DATASET RECORDS
=== Section Start ===
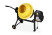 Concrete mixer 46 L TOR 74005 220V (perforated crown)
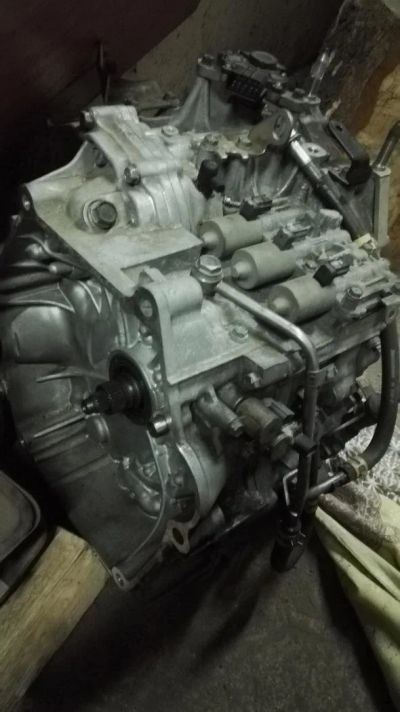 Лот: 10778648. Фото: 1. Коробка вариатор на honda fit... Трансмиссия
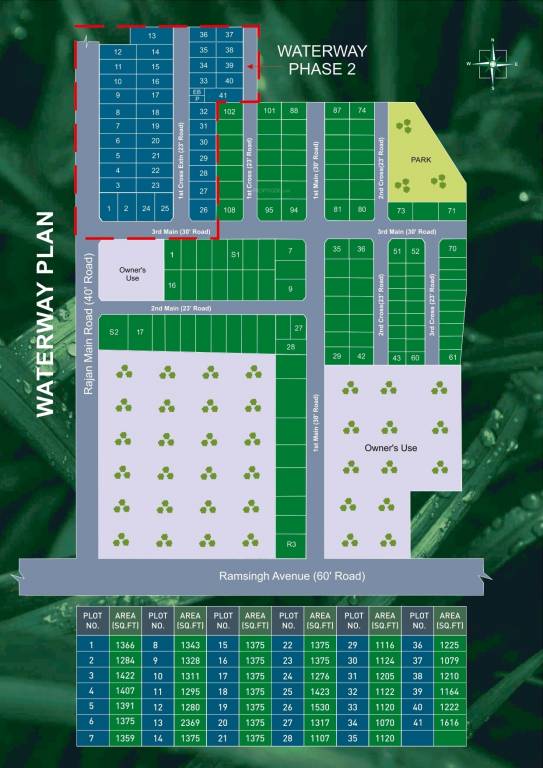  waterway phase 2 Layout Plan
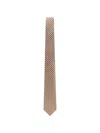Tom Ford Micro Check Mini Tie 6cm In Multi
=== Section End ===
=== Section Start ===
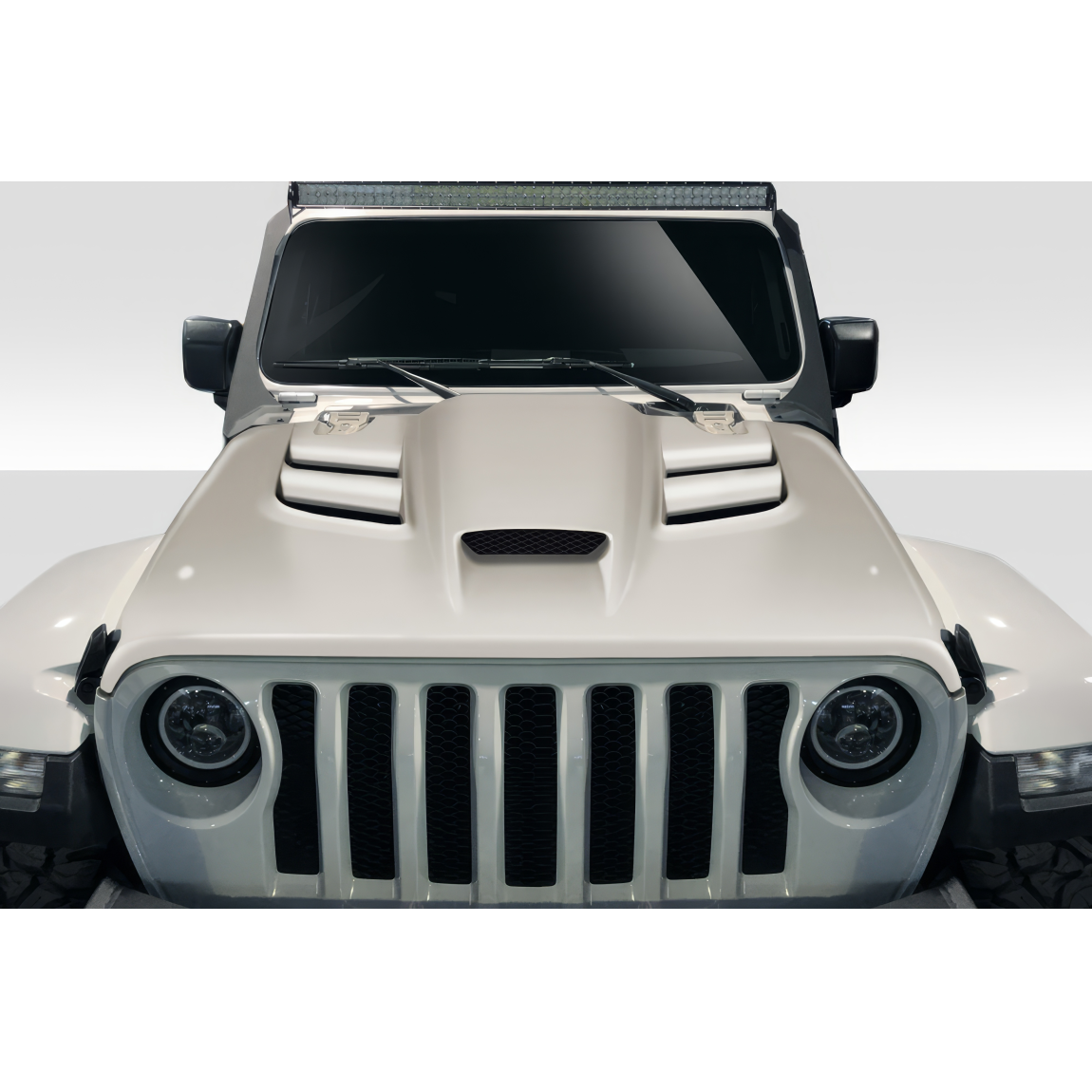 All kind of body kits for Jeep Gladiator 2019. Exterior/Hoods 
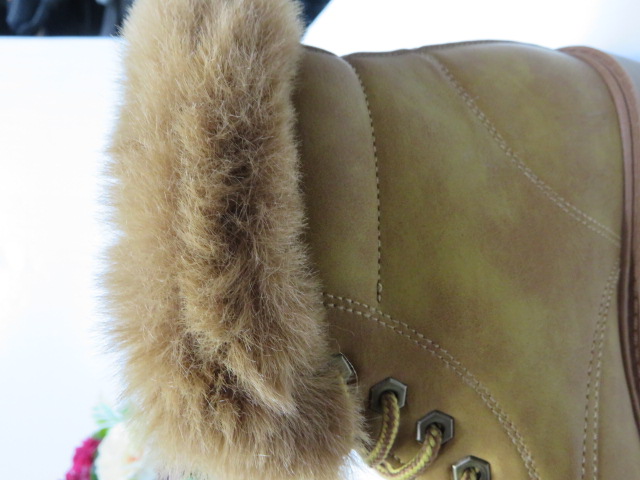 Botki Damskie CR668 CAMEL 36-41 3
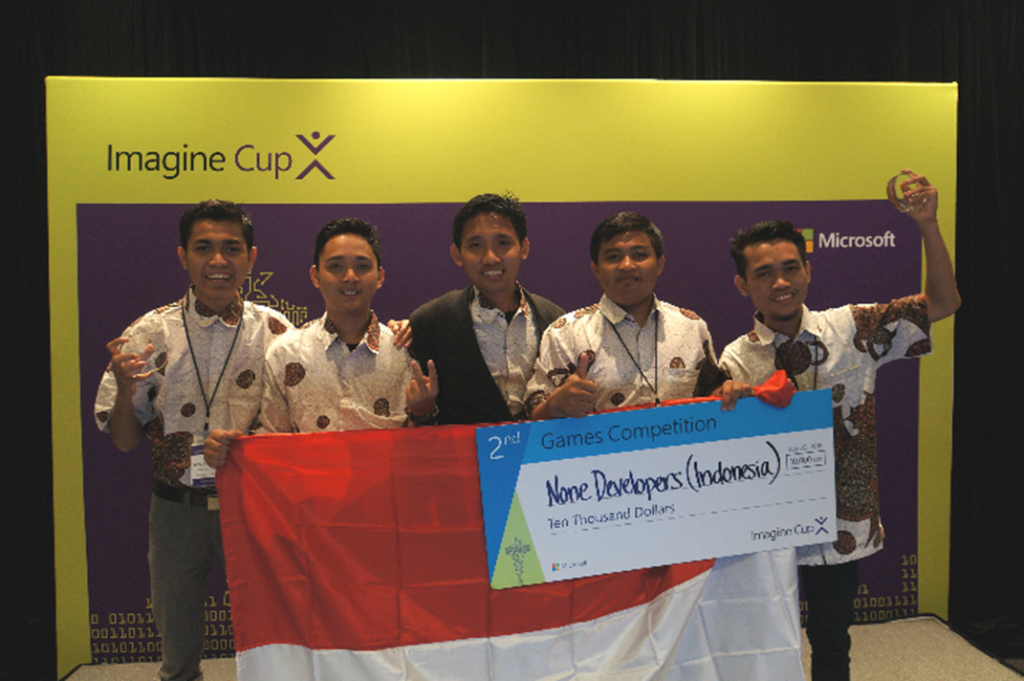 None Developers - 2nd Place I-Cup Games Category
=== Section End ===
WHAT THE EXERCISE ASKS
Output should consist of the lines above from the one with "Лот: 10778648. Фото: 1." down to the one with "Tom Ford Micro Check Mini Tie 6cm In Multi", exact and without pictures.

TASK OUTPUT
 Лот: 10778648. Фото: 1. Коробка вариатор на honda fit... Трансмиссия
  waterway phase 2 Layout Plan
Tom Ford Micro Check Mini Tie 6cm In Multi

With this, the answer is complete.